Budget focus: Agri, NBFC & MSME sectors require urgent attention

Chennai: With less than two days to go before Finance Minister Nirmala Sitharaman presents the nation’s budget, a report has said public sector banks in the country may require around Rs 50,000 crore growth capital in FY20, assuming a 12-13 per cent credit growth.

According to State Bank of India’s special research report on budget for ANM (agriculture, NBFC and MSME) and “measured” fiscal consolidation, the NBFC and MSME sectors require urgent attention in the upcoming budget.

“Assuming a 12-13 per cent credit growth in FY20 with credit risk weighted assets of 70 per cent, PSBs may be requiring around Rs 50,000 crore growth capital in FY20. However, the same also depends upon some major variables i.e., alternate long-term investor, recoveries from NCLT (National Company Law Tribunal), investment environment, out of NCLT settlements/auctions, treasury gains/loss, MTM (mark-to-market) provisioning of investments, additional or provision write-back,” said Group Chief Economic Adviser, SBI, Soumya Kanti Ghosh.

“At present, the share of top five banks in credit is around 39 per cent. Thus, continued banking consolidation will improve the banks’ ability to lend for developmental needs. There is also an immediate need to augment the number of NCLT benches so that the resolution system does not get choked. HR reforms for PSBs must also be a priority for the new Government,” the report said.

Referring to lapses in the NBFC sector, it said measures are required to send a strong message. “Till March 2020, Rs 4.75 lakh crore of bonds and papers of NBFC sector are set to mature. Further, most of the NBFC exposure is to the reality sector. Some sort of demand boost for the realty sector, like GST concessions to the buyers and stamp duty rationalization could very well give a flip to the reality sector and can also help solve part of the NBFC quagmire that we are currently in,” the report said.

Regarding agriculture, the report said the budget could focus upon tweaking with the agricultural sector. “A big push to the term loan will boost the agricultural sector. Further, setting up of an Agri-marketing Reforms Council (AMRC) on the lines of the GST council and an exclusive focus on harnessing the rapidly shrinking water resources also deserve higher priority,” it said.

Focusing on the MSME sector, the SBI report stated that, like NBFC, MSME sector too needs urgent focus. Stating that there is a need for amalgamation of CGTMSE (Credit Guarantee Fund Trust for Micro and Small Enterprises) and CGFMU (Credit Guarantee Fund for Micro Units), the report said, “This will remove the complexities such as multiple coverage/non-coverage of MSME loans and understanding among field functionaries about various time norms to be adhered to under each guarantee scheme will be eliminated.”

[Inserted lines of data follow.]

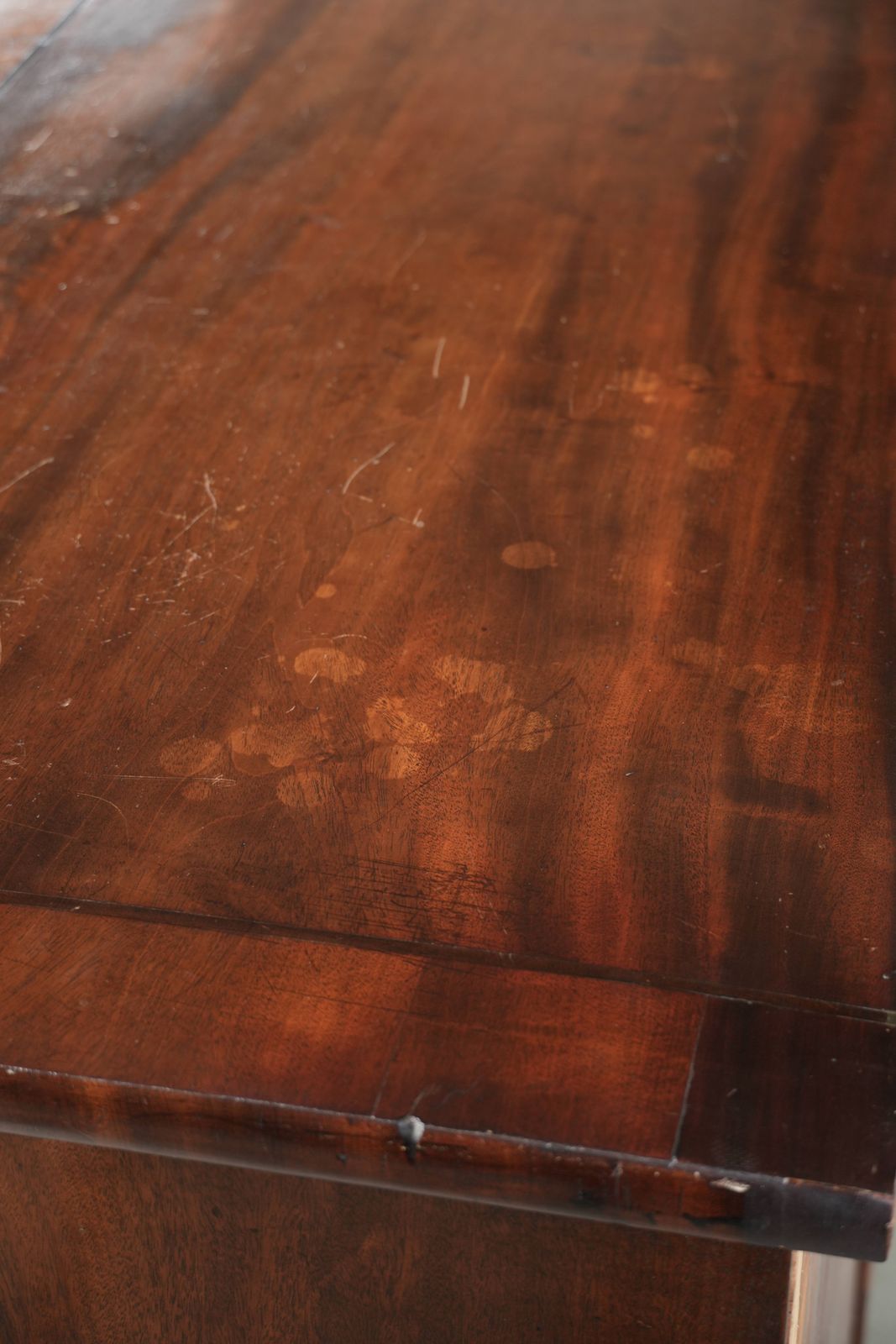 photo furniture Grote Antieke Engelse Ladekast, Commode uit het Begin van de 19e Eeuw met 5 Lades en Mooie Details.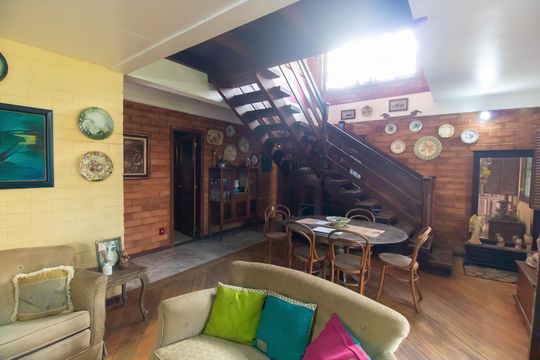 Sala de casa à venda com 3 quartos, 360m² em Maravista, Niterói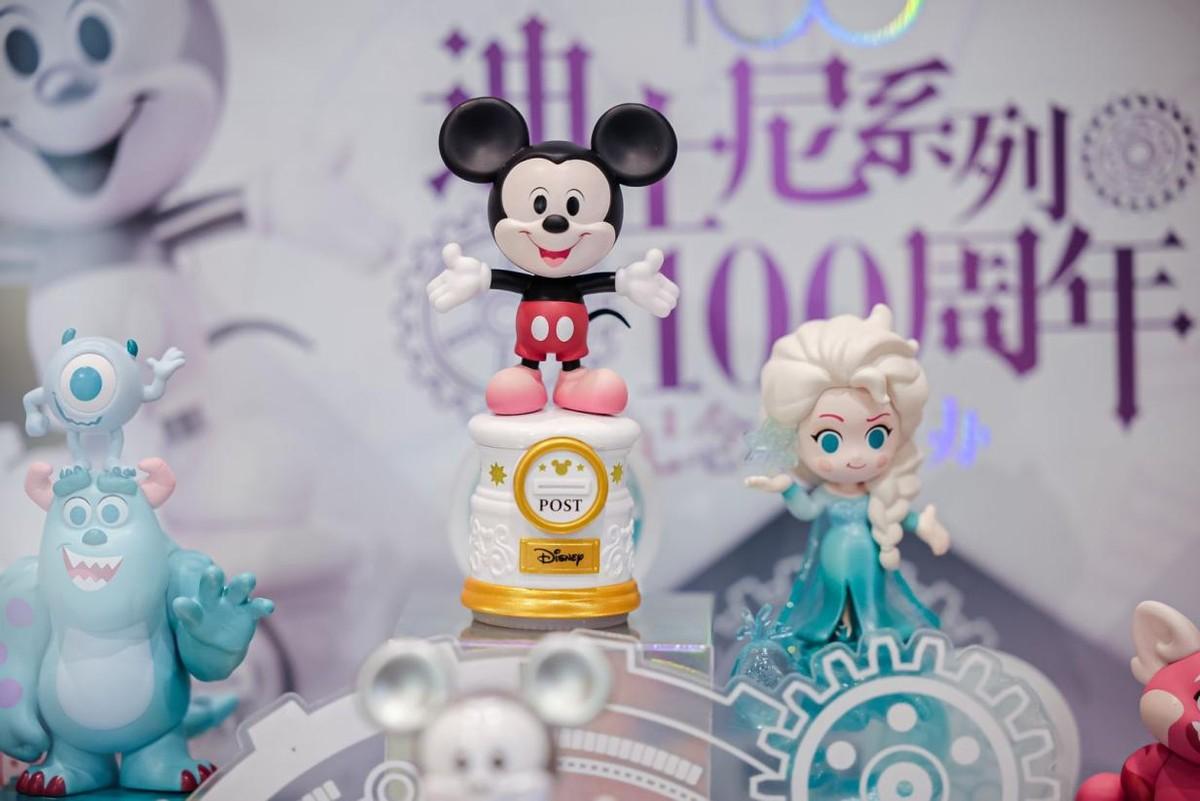 聚焦潮玩消费场景创新，TOP TOY迪士尼小镇新店开业 - 知乎
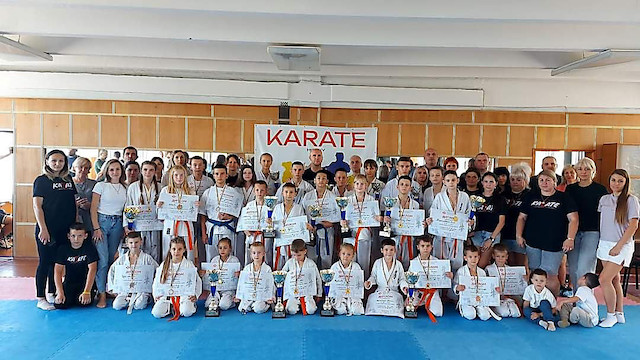 Свежие новости: Миколаївські спортсмени привезли з Кубку Києва з кіокушин карате 27 медалей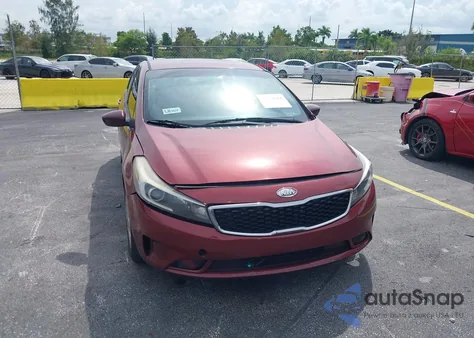 2017 Kia Forte Lx из США, поврежденный, VIN 3KPFK4A74HE121575
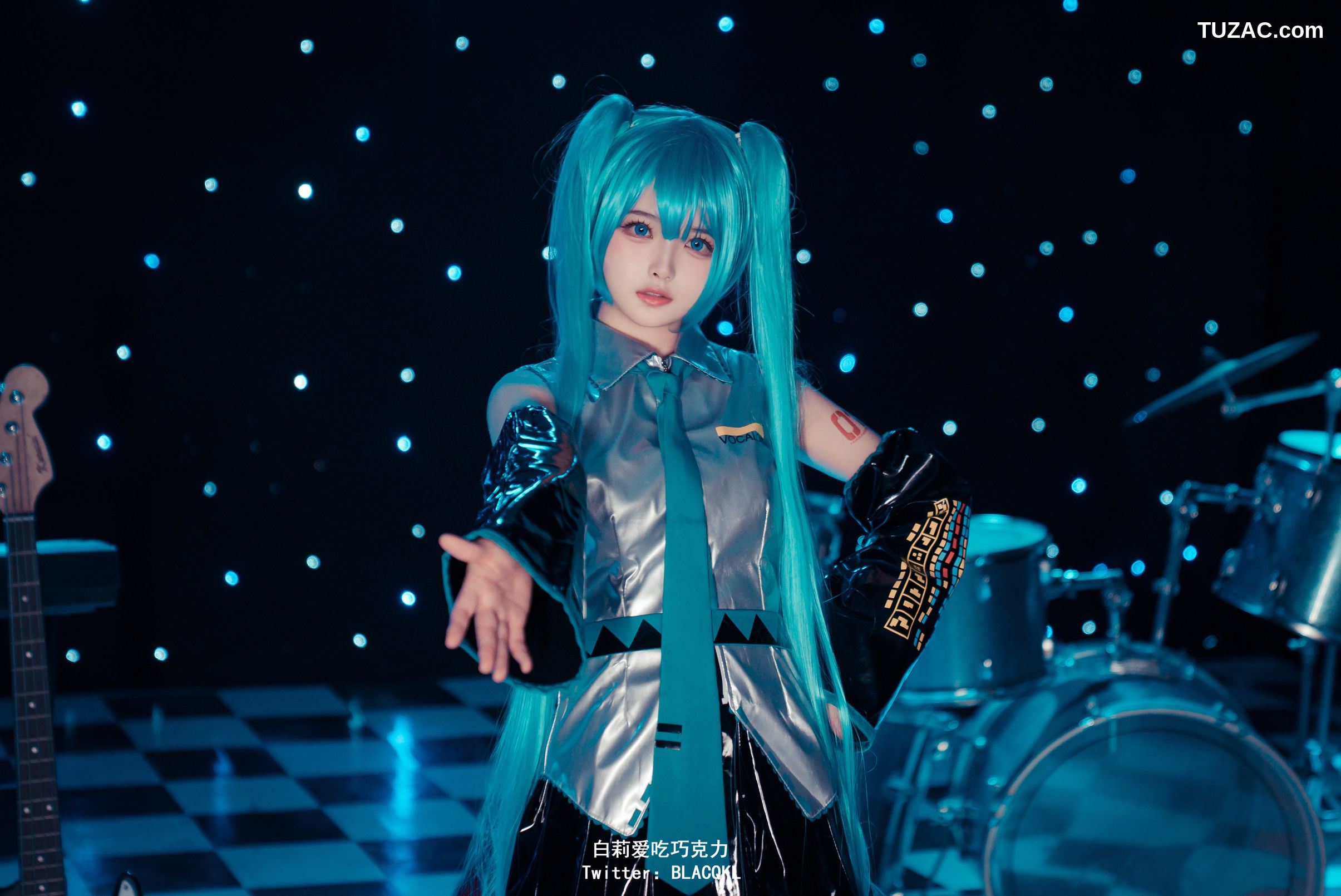 白莉爱吃巧克力-miku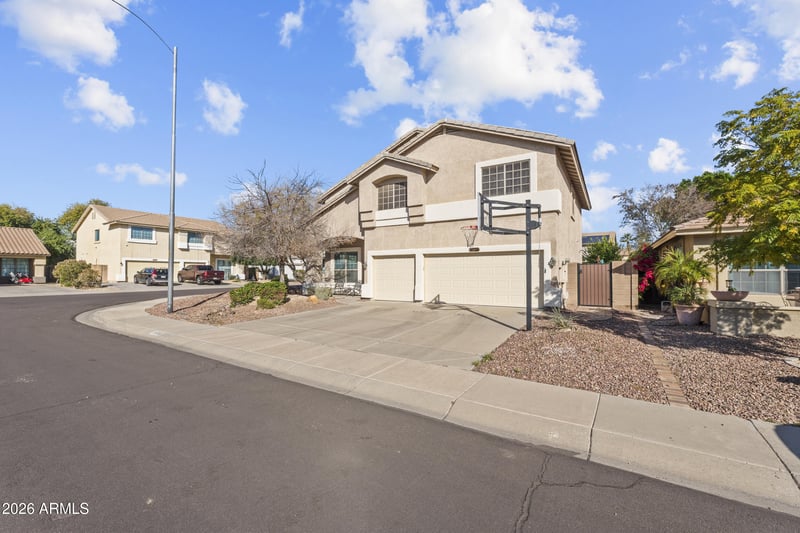 8996 W Potter Dr, Peoria, AZ 85382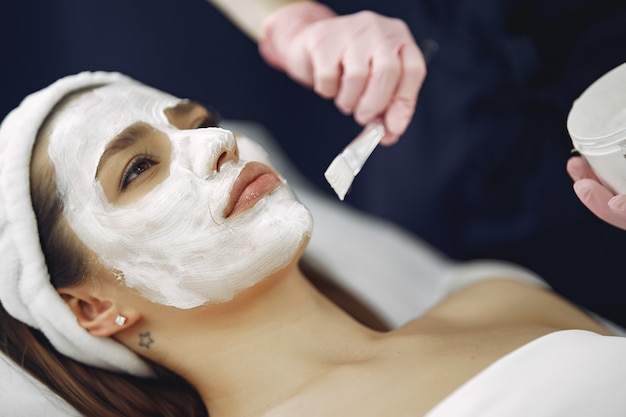 Mulher no estúdio de cosmetologia em um procedimentos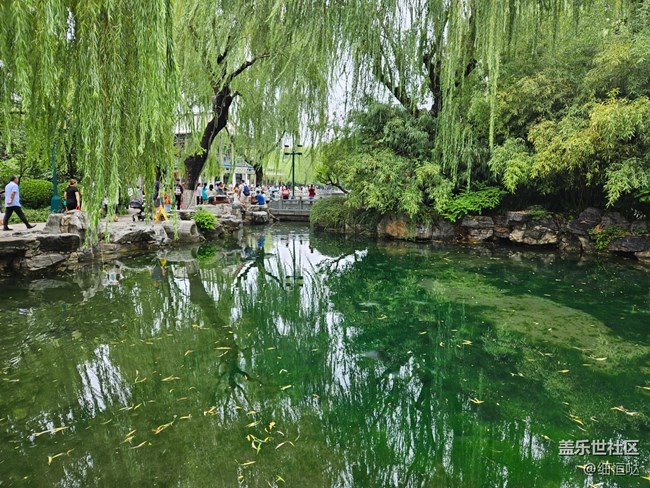 折疊第五代 誰(shuí)能不愛(ài) 濟(jì)南三星快閃店活動(dòng)回顧 折疊第五代 誰(shuí)能不愛(ài) 濟(jì)南三星快閃店活動(dòng)回顧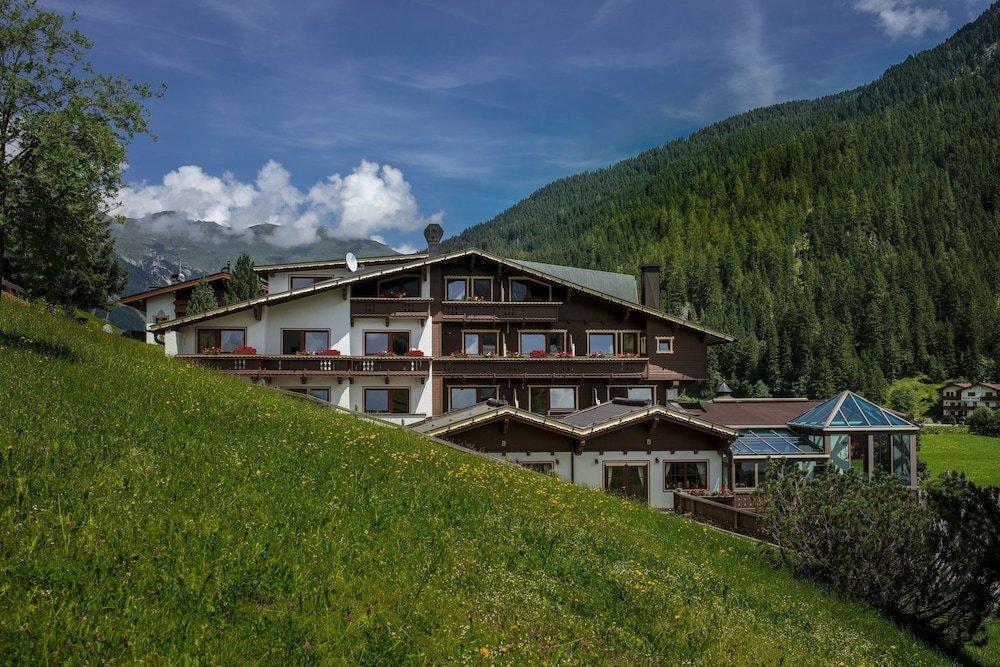 Hotel Hoehlenstein Тукс Екстер'єр фото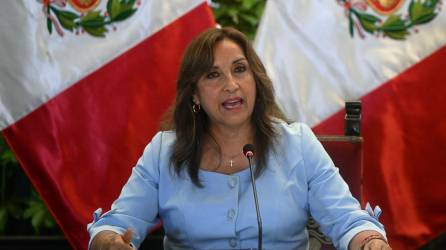 La presidenta de Perú, Dina Boluarte, es investigada por las muertes en las masivas protestas que exigen su renuncia.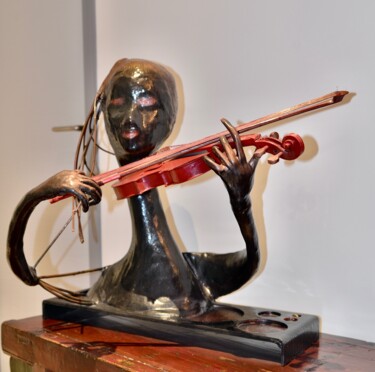 Sculpture intitulée "Nina" par Isadiva, Œuvre d'art originale, Métaux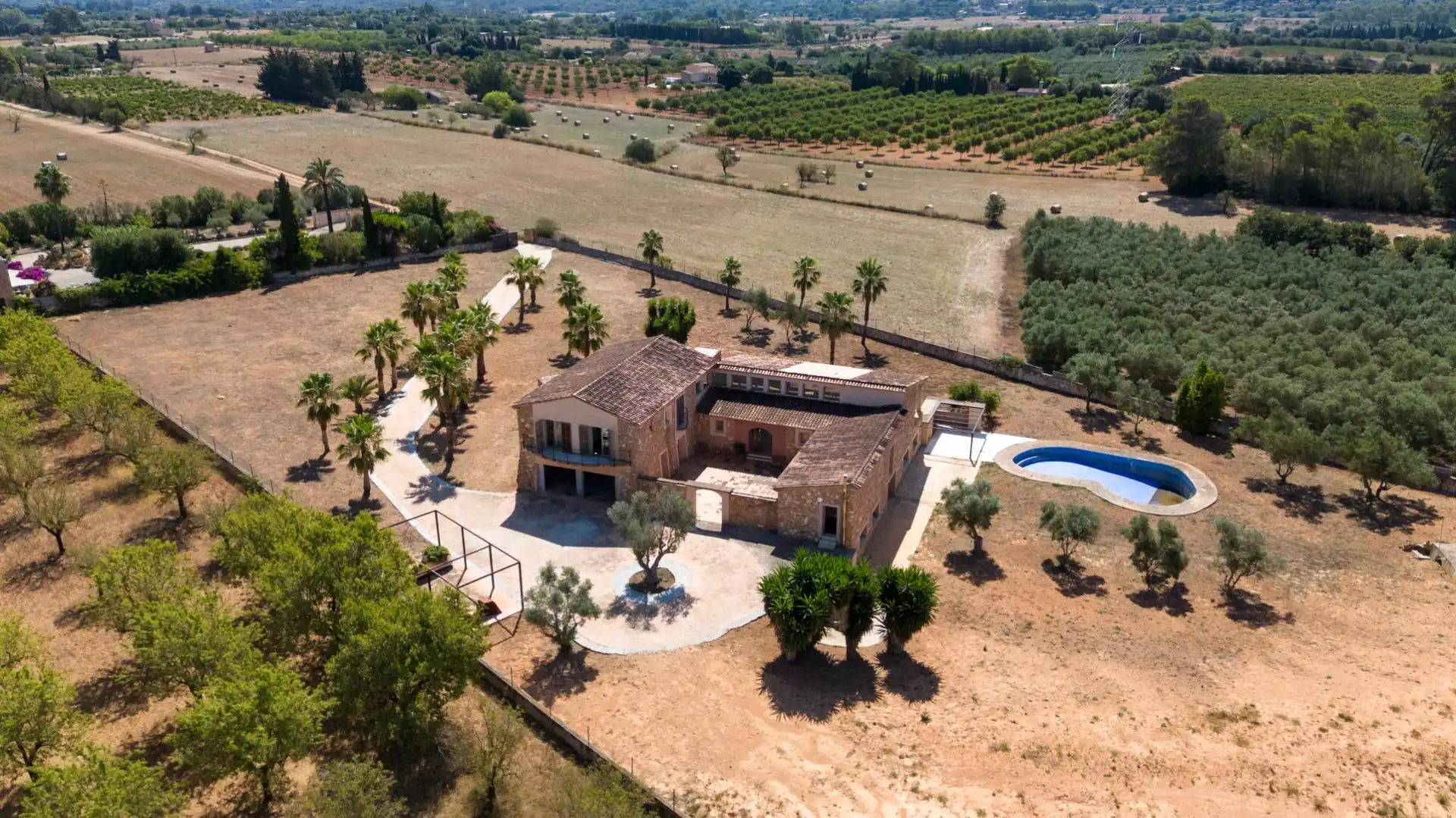 Villa avec piscine à vendre à Polígono de Binissalem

As per SBI’s research desk projections, the yield curve may edge lower further. The 10 year G-sec yield is likely to be kept below seven per cent (now 6.88 per cent). Eventually it may head towards the range of 6.5 per cent to 6.6 per cent. This will be reflecting more of the growth outcomes rather than the government borrowings, the report said.


Emphasis should be on…
Overall, the report said the government’s emphasis should be on making rules that are realistic. “Sticking to a particular fiscal number is not that important in the current scenario. Instead, emphasis should be on making country-mandated fiscal rules that are credible and achievable. For an economy like India, higher public borrowings are a necessary evil given the large welfare schemes of the government,” elaborated the report.